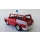 Trabant Feuerwehr Modellauto Spritzguß mit Türen zum Öffnen und Rückzugsfeder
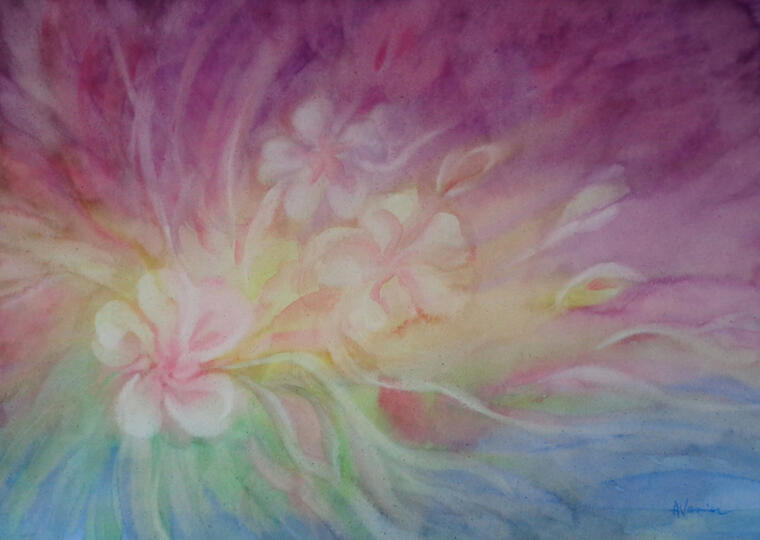 Fiori - Acquarello cm. 32x44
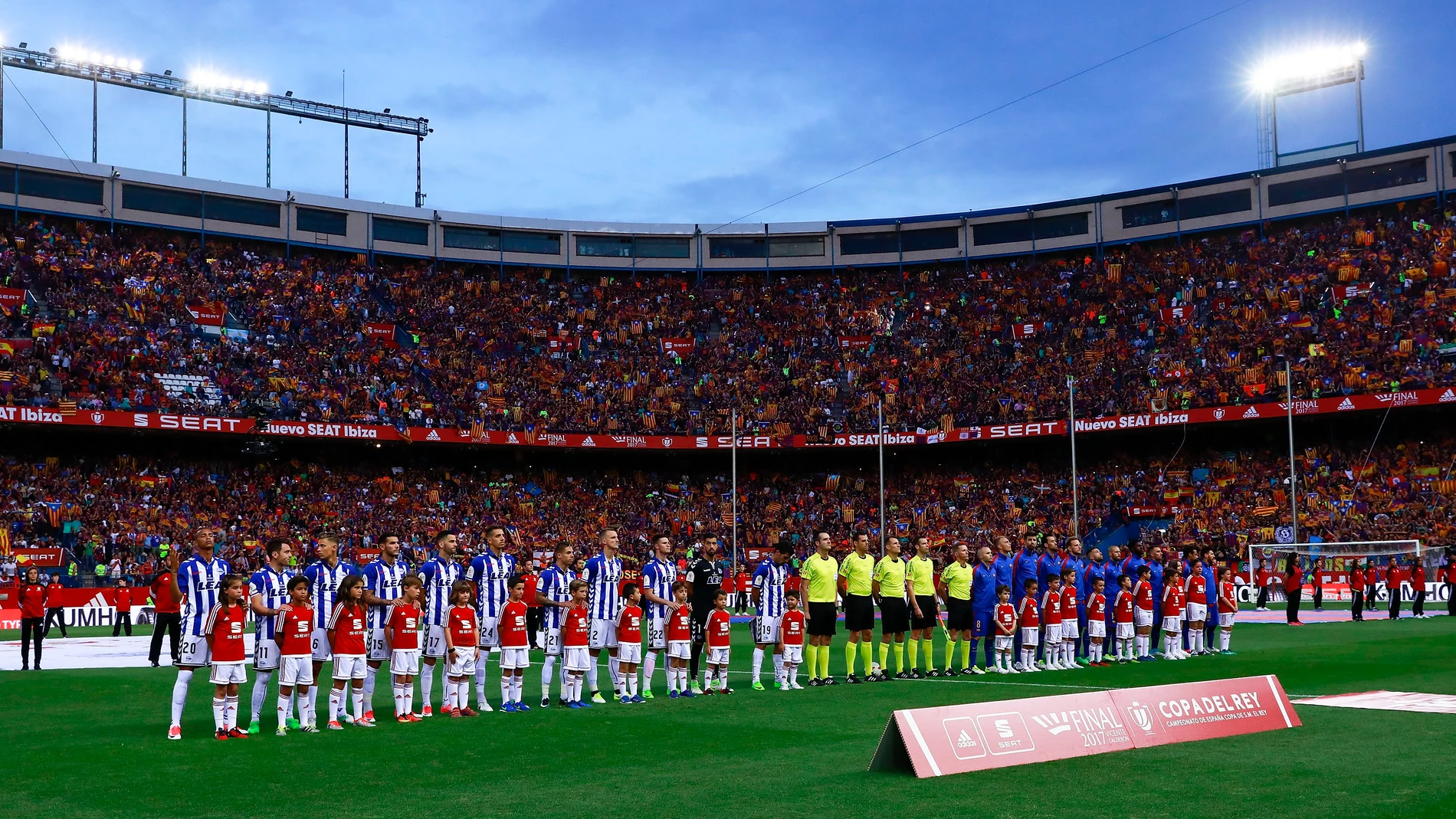 Final de Copa del Rey en 2017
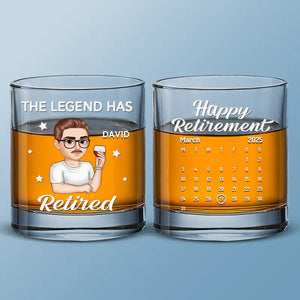 Chaque heure est un moment privilégié - Verre à whisky personnalisé - Cadeau de remerciement, de retraite pour vous-même, vos meilleurs amis, vos frères et sœurs, les membres de votre famille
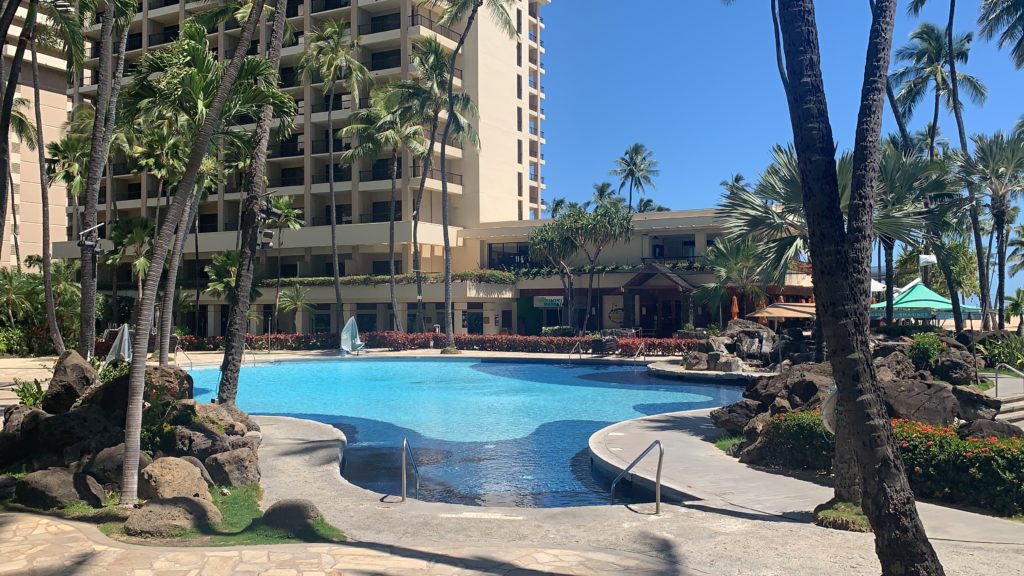 Hilton Hawaiian Village Hotel Pool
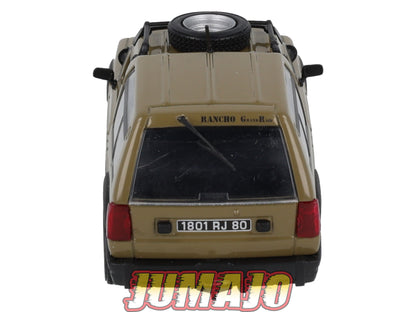 VF109 Voitures Françaises 1/43 NOREV MATRA Rancho 1980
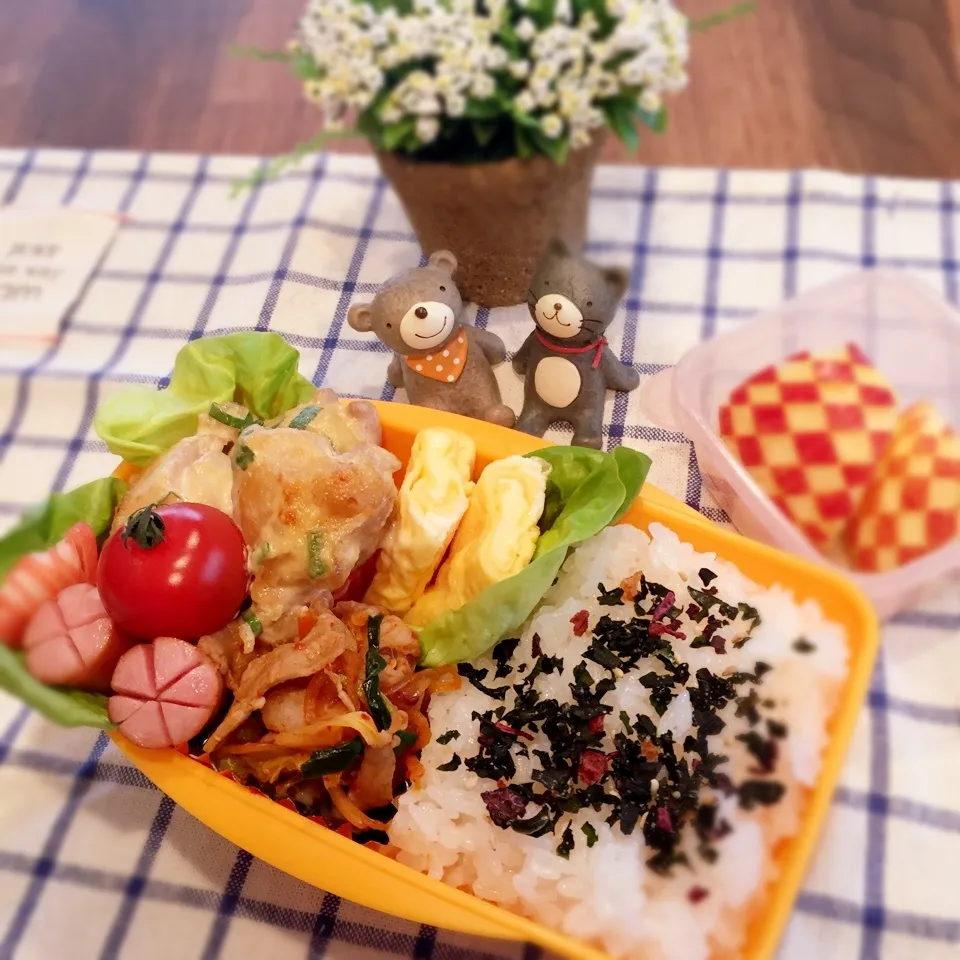 今日の息子のお弁当|rinrinさん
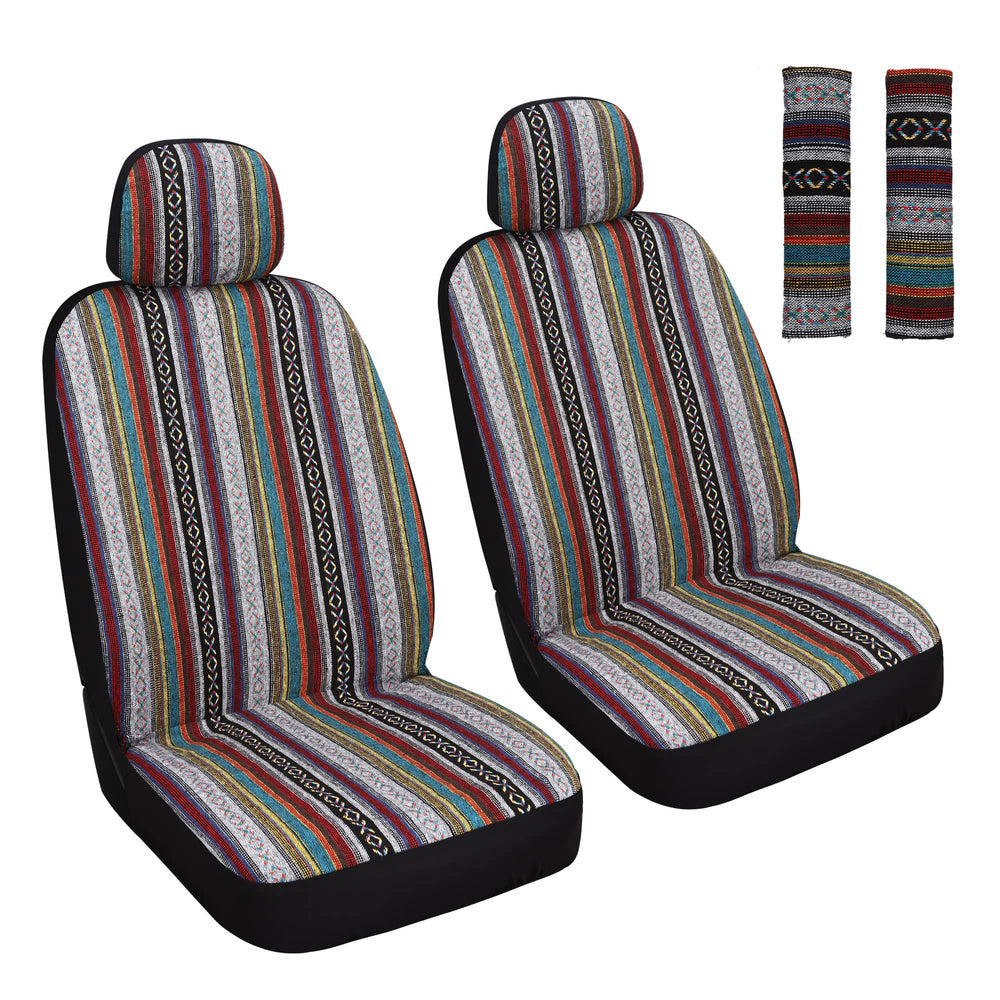 HAIYAOTIMES front seat view showing red baja design and protection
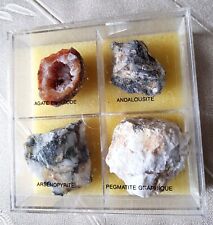 Lot minéraux agate d'occasion  Saint-Jean-le-Blanc
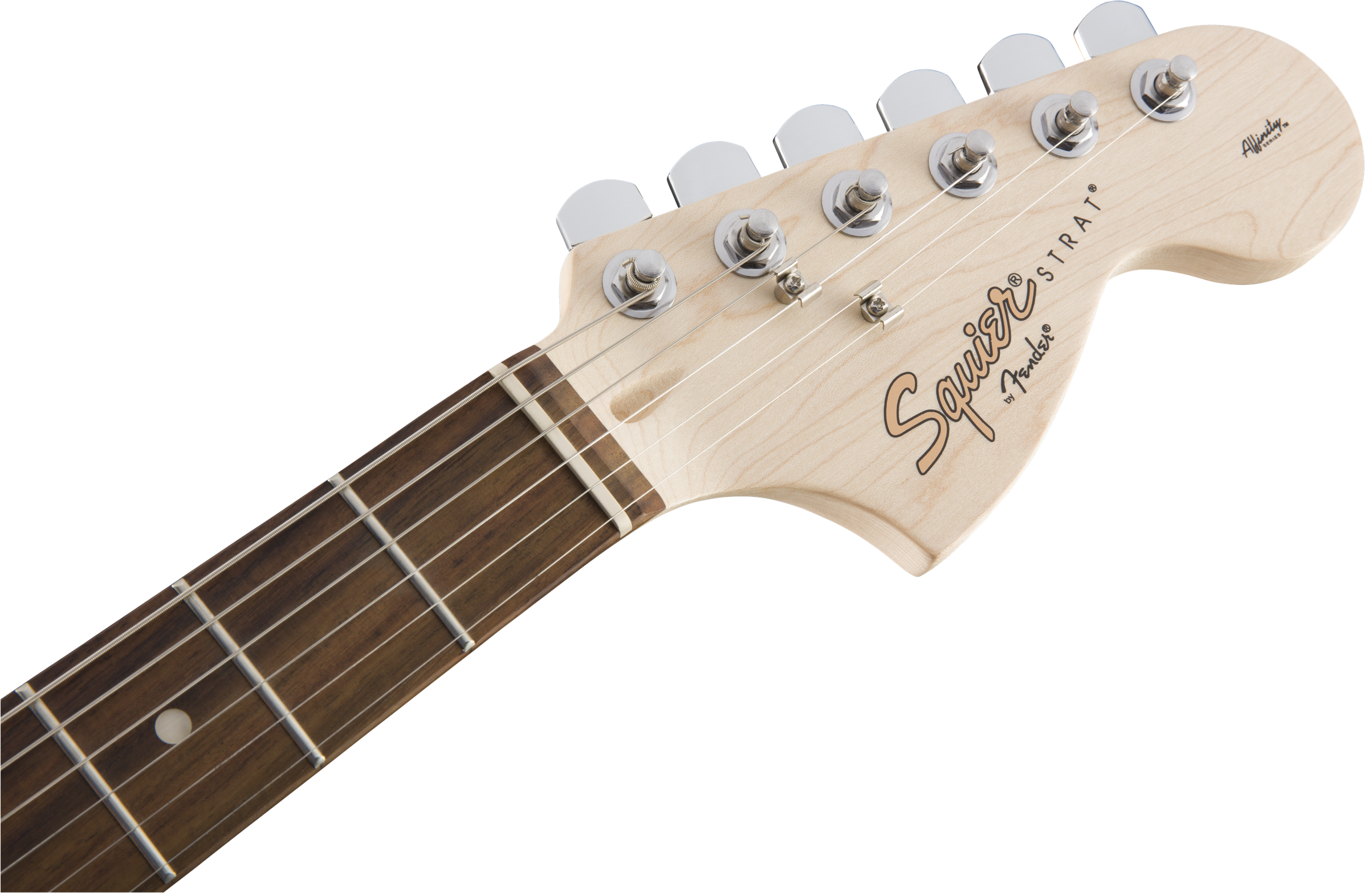 Squier Strat Affinity Series 3s Lau - Competition Orange - Guitarra eléctrica con forma de str. - Variation 3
━━━━━━━━
Leave out the pictures. Return exactly the lines from the first line of the records to the line bearing "HAIYAOTIMES front seat", inclusive.

SOLUTION FOR THIS EXERCISE:
 Trabant Feuerwehr Modellauto Spritzguß mit Türen zum Öffnen und Rückzugsfeder
 Fiori - Acquarello cm. 32x44
 Final de Copa del Rey en 2017
 Chaque heure est un moment privilégié - Verre à whisky personnalisé - Cadeau de remerciement, de retraite pour vous-même, vos meilleurs amis, vos frères et sœurs, les membres de votre famille
 Hilton Hawaiian Village Hotel Pool
 VF109 Voitures Françaises 1/43 NOREV MATRA Rancho 1980
 今日の息子のお弁当|rinrinさん
 HAIYAOTIMES front seat view showing red baja design and protection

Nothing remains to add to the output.